B Conway, Williamston, USA
When traveling on the road with a band, one of the band members commented that he had never heard me play a wrong note. I told him they were there but he didn't hear them. I'll explain. Many, many years ago, while learning piano, my mother taught me a valuable lesson. When you hit a wrong note or chord, repeat it at least three times with gusto. Then instead of sounding as a mistake, it sounds or appears to sound as an original arrangement or variation on the actual song. It seemed to work most of the time. In music, primarily live performances, mistakes are usually there but the difference is how you deal with them. In recording, however, in this digital age, it's so easy to correct the errors (without having to actually splice a tape), hence, near perfect recordings.
Friday June 22, 2012
Craig Roberts, Washington, Dc, USA
My Dad played with the Chicago Symphony, so I grew up attending many rehearsals and concerts performed by that august group (and others).
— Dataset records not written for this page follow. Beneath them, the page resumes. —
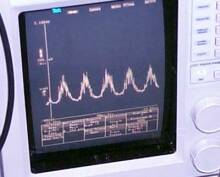 10 GHz signal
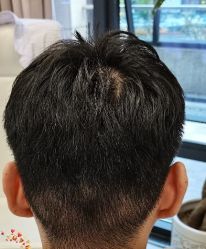 -大麦微针植发丨全国连锁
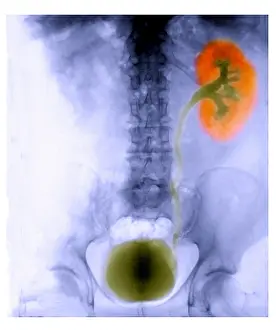Collection Prints: Renal Colic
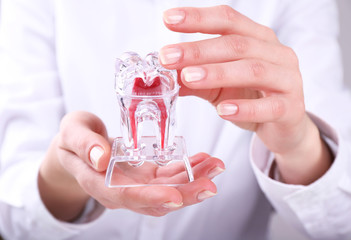 Female hands holding dental model, closeup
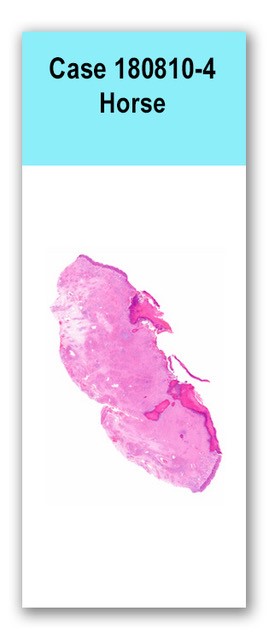 Case 180810-4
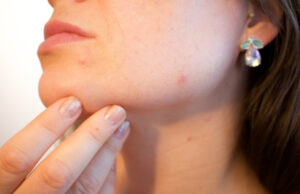 Il dermatologo può salvarti la pelle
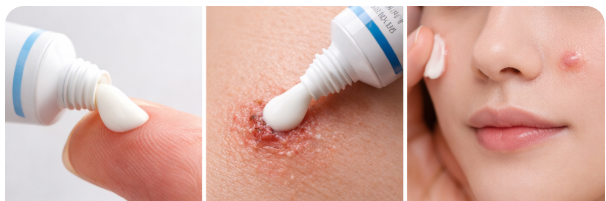 항생제 연고 활용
Occasional wrong notes from orchestra members and soloists are part and parcel of performance, no matter how virtuostic - and so what? Personally, I prefer to hear "authentic" recordings that reflect an actual performance, not a "manufactured" one. I have some old recordings of Vladimir Horowitz, for example, hitting a clinker now and again in otherwise beautiful renditions. I kinda like it. It makes him seem human after all.